Most of us learn about personal finance through trial and error. The mistakes we make urge us not to repeat them and provide some insights as to what works for our lifestyles and what doesn’t. While it’s true that there is a wide array of personal finance information freely available to us on the internet, it’s difficult to find advice that is applicable for our lives, be it country, lifestyle or income. Finding out what works best for our lives takes time.
That being said, there are some basic financial dos and don’ts that could never go wrong, no matter what your personal finance philosophy might be.
DO track your expenses
Tracking your expenses down to the last rupee should be done from your first paycheck onwards. Regardless of whether you’re more focused on savings or more into spending and investments, tracking your expenses allows you to know where your money is going and, most importantly, if you’re losing money unnecessarily either through unconscious expenses or even fraudulent bank charges.

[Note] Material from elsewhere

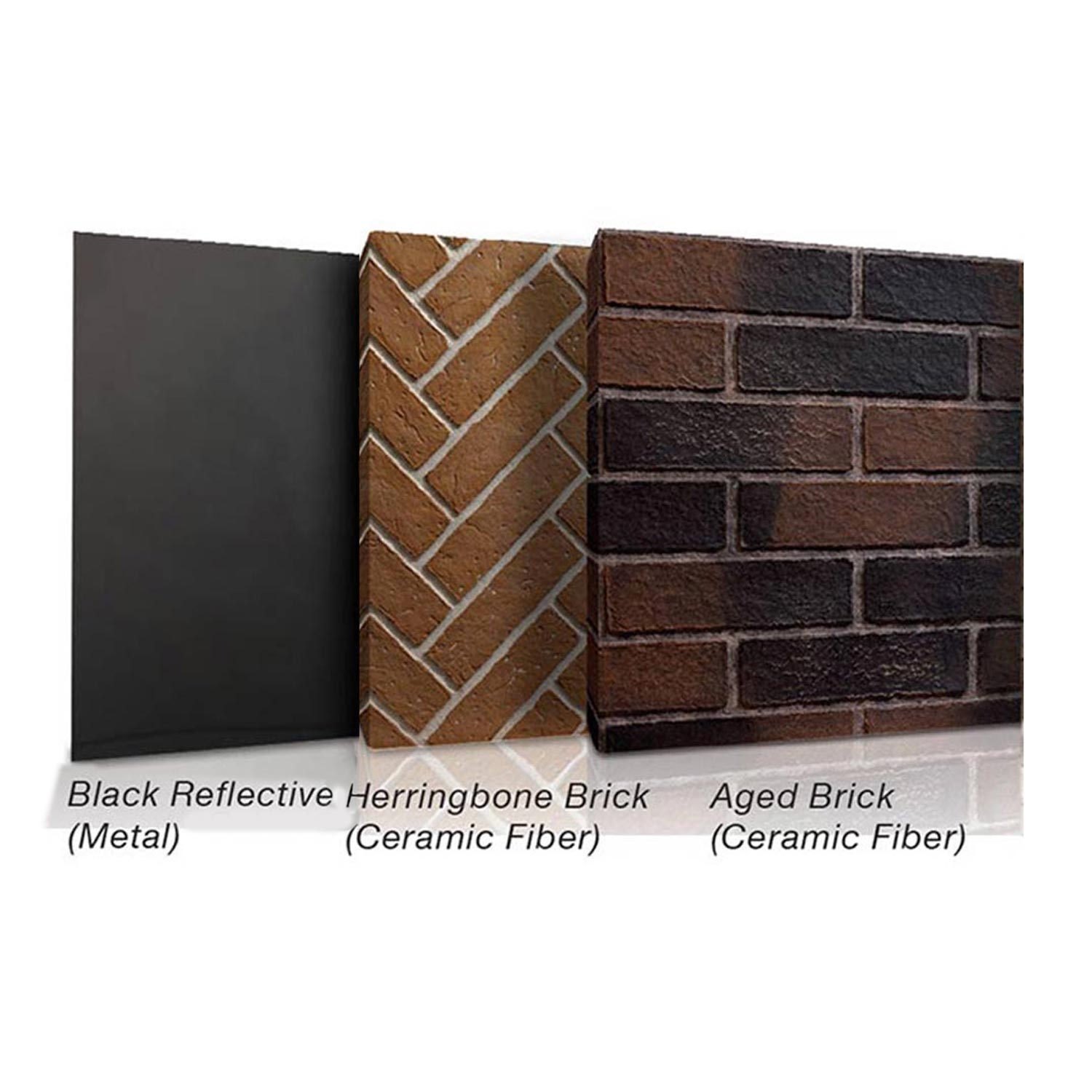 Fireplace brick finish panel samples: dark and tan herringbone plus aged bricks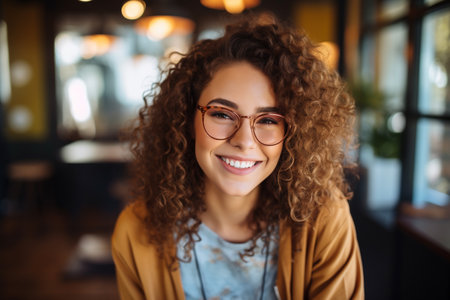 Portrait of beautiful young woman with curly hair wearing eyeglasses in cafeの素材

There are many ways you can easily track your expenses:
Nowadays, there are countless personal finance mobile apps that not only allow you to track your finances but also automatically categorise your expenses. Some mobile apps even have features to remind you to enter your finances daily and connectivity with your bank account.
Write It Down
The traditional method of keeping your accounts in a ledger will never go out of style. Once you make the act of writing down your daily or weekly expenses a ritual of sorts, you will never forget to keep track.
DO have a long term financial goal
While you don’t need to have the rest of your life planned out in your early twenties itself, make sure that your personal finance philosophy does not hinder your overall life goals. If your end-goal is to become exceedingly wealthy, you need to know the ins and outs of smart investments. If you are someone who prioritizes safety and security, perhaps savings and various fixed assets should be the keystone of your finances. Take baby steps towards reaching that goal from as early an age as possible.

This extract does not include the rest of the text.